_Exercise instructions_: Directions for the data below: repeat exactly the lines from the one with "Barbara Apartments & Annex" through the one with "幸せな子供のクローズアップは", both included, and omit all pictures.

_Data_:

::::

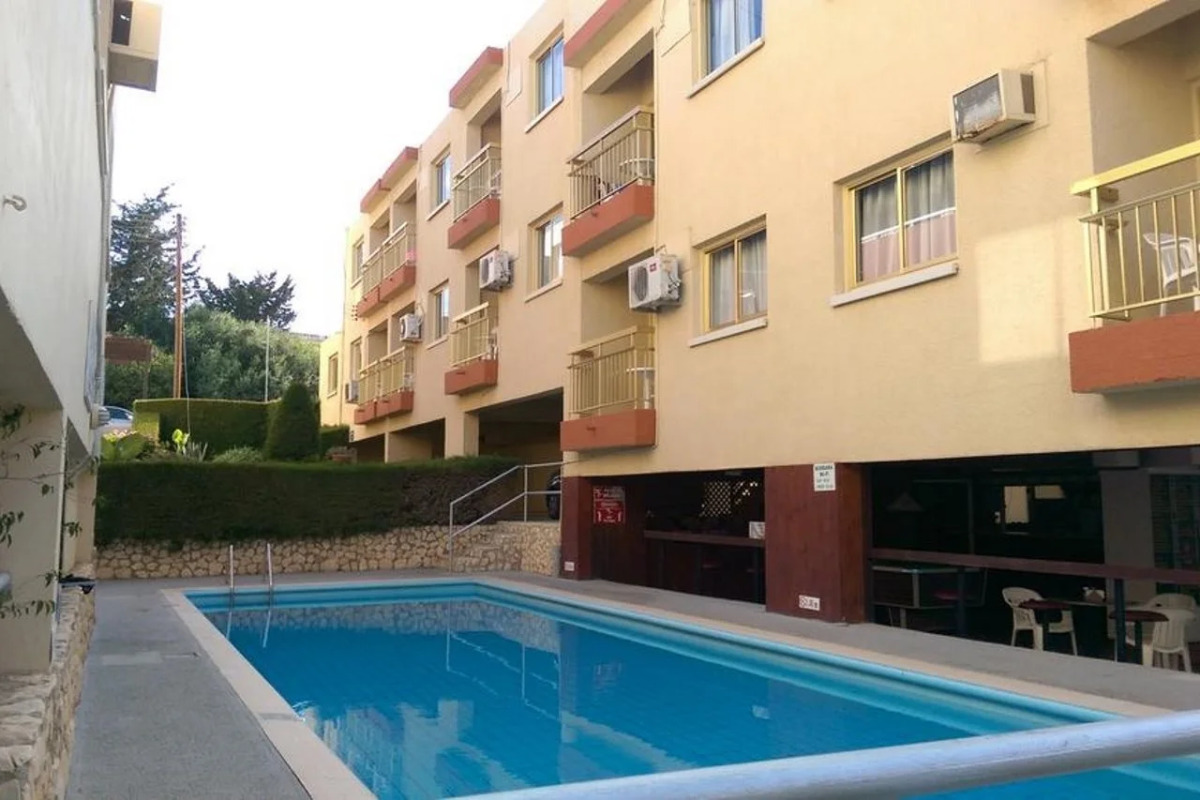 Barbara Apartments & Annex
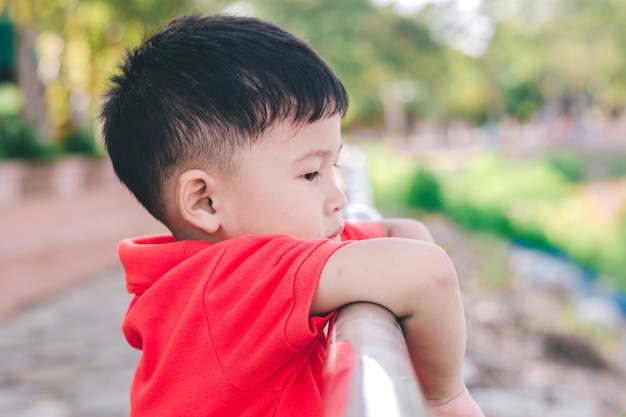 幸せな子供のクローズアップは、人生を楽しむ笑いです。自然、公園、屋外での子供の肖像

::::

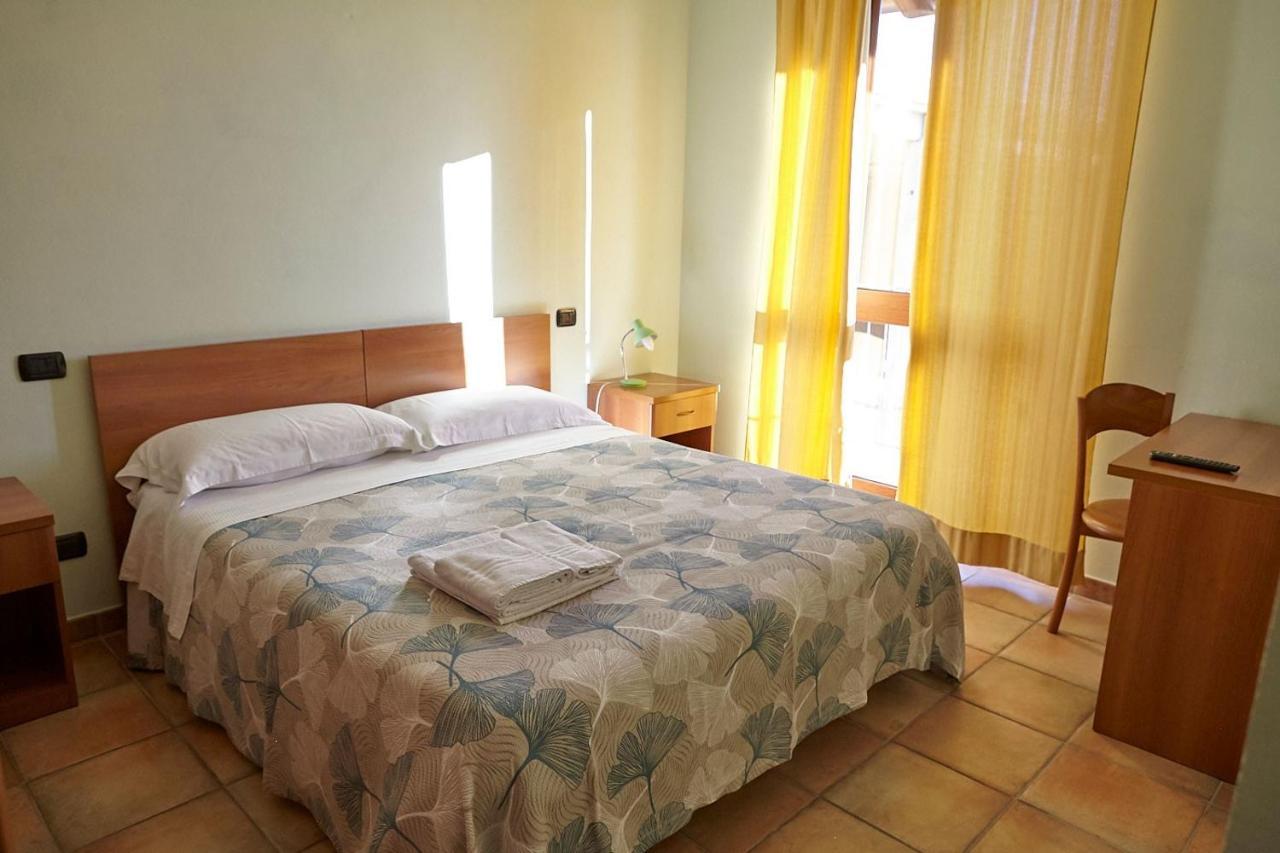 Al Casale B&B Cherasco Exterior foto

::::

_Output below_:
 Barbara Apartments & Annex
 幸せな子供のクローズアップは、人生を楽しむ笑いです。自然、公園、屋外での子供の肖像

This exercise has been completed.